In [1]:
import numpy as np
import pandas as pd
import statsmodels.api as sms
from statsmodels.stats.power import GofChisquarePower

In [5]:
# Run a chi-square test for independence

import numpy as np
from scipy.stats import chi2_contingency

# Example contingency table
# Rows: Categories of variable 1
# Columns: Categories of variable 2
data = np.array([[3164, (29614-3164)], 
                 [2077, (23294-2077)]])

# Perform the chi-square test
chi2, p, dof, expected = chi2_contingency(data)

# Print the results
print(f"Chi2 Statistic: {chi2}")
print(f"P-value: {p}")
print(f"Degrees of Freedom: {dof}")
print("Expected Frequencies:")
print(expected)

Chi2 Statistic: 45.45166424827888
P-value: 1.5645254019612348e-11
Degrees of Freedom: 1
Expected Frequencies:
[[ 2933.52562939 26680.47437061]
 [ 2307.47437061 20986.52562939]]


In [2]:
import scipy.stats as stats

# Observed values: clicks and non-clicks for versions A and B
observed = [[1935, (15551-1935)], [487, (3452-487)]]

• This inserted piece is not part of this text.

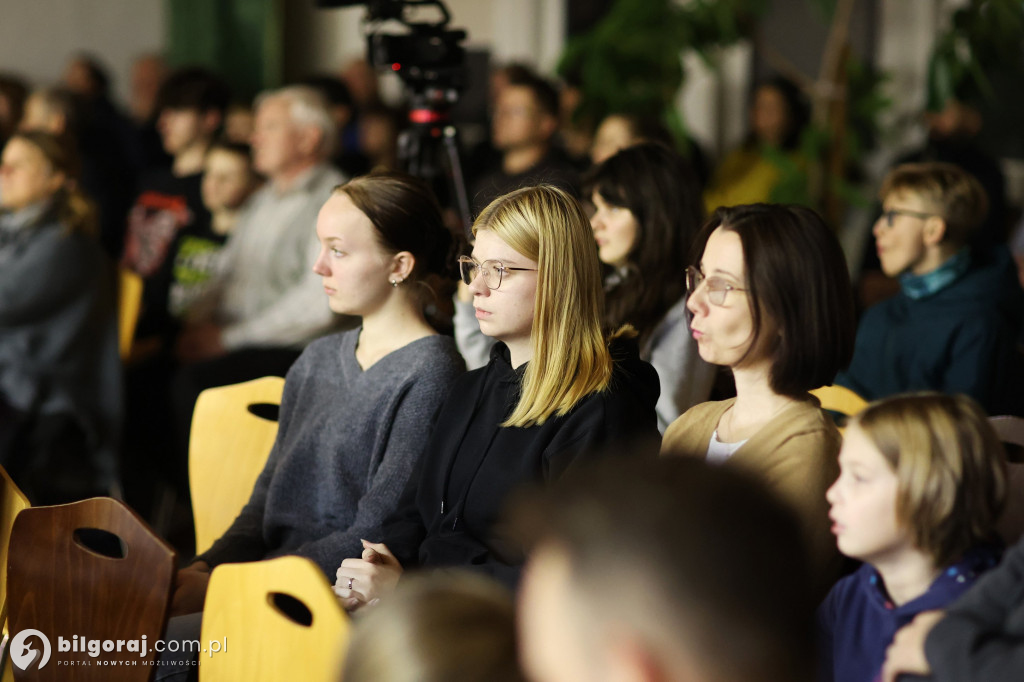 Muzyczne dziedzictwo Ziemi Biłgorajskiej. Koncert Zespołu Wokalnego Zawierucha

# Perform chi-squared test
chi2_stat, p_val, dof, ex = stats.chi2_contingency(observed)

# Output the results
print(f"Chi-squared Statistic: {chi2_stat}")
print(f"P-value: {p_val}")
print(f"Degrees of Freedom: {dof}")


Chi-squared Statistic: 6.891669613013987
P-value: 0.008659834679724454
Degrees of Freedom: 1


In [2]:
(296838/2)-815

147604.0

### Fishers Exact Hypothesis Test

In [1]:
from scipy.stats import fisher_exact
import numpy as np

# Record the number of successes and failures for each group
clicks_A, clicks_B = 1236, 1334
impressions_A, impressions_B = 163686/2, 163686/2

# Define the 2x2 contingency table for the AB test
contingency_table = [[clicks_A, impressions_A], [clicks_B, impressions_B]]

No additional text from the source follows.